The California Water Commission met in an all-day session on September 21, with the agenda dominated by preliminary hearings of evidence for resolutions of necessity for eminent domain. (They’re thinking about thinking about acquiring property.)
The meeting started at 9 a.m., but it was 2:30 before the Commission got around to considering the 28 parcels. Some landowners couldn’t wait. There’s not much point in inviting landowners to make comments if you make it unreasonably inconvenient for them.
DWR staff spent a lot of time explaining the process again, perhaps for the benefit of any landowners who had come to testify. (The Commissioners heard this all last month and had it in writing, too.) DWR claims they have broad statutory authority (referencing legislation and the Water Code) to conduct investigations necessary for improvements to the State Water Project; others argue that conveyance associated with the BDCP is not an approved and financed project yet, so DWR can’t invoke general statutory authorization.
The Governor asked for investigation of four conveyance options, but a map of the proposed exploration area shows drilling sites along what is clearly a through- or under-Delta alignment. They aren’t looking much on the west, and not on the east at all.
Melinda Terry of the North Delta Water Agency acknowledged that BDCP is facing a Catch 22 in trying to collect the data they need to evaluate different alignments and options so that they can get the project approved and financed.

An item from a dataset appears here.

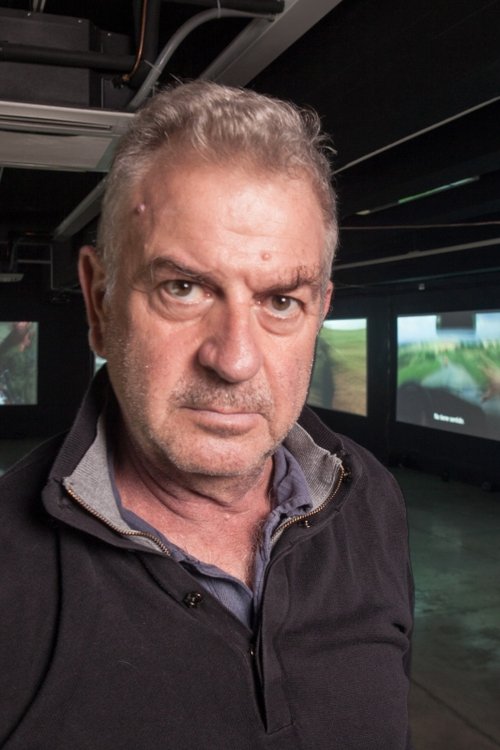 Profile image of Avi Mograbi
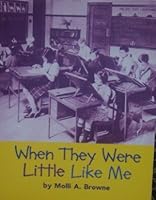Houghton Mifflin Social Studies: Indepndt Bk Lk Unit 3 On When They Were Little Like Me 0618481400 Book Cover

But she said that doesn’t change the intent of Water Code Section 11580:
When the department cannot acquire any necessary property by agreement with the owner, the department may exercise the power of eminent domain to acquire the property in the name of the state if the project for which the property is being acquired has been authorized and funds are available therefor.
Conveyance clearly hasn’t been authorized, and there are compelling questions about how it could be paid for if it were authorized.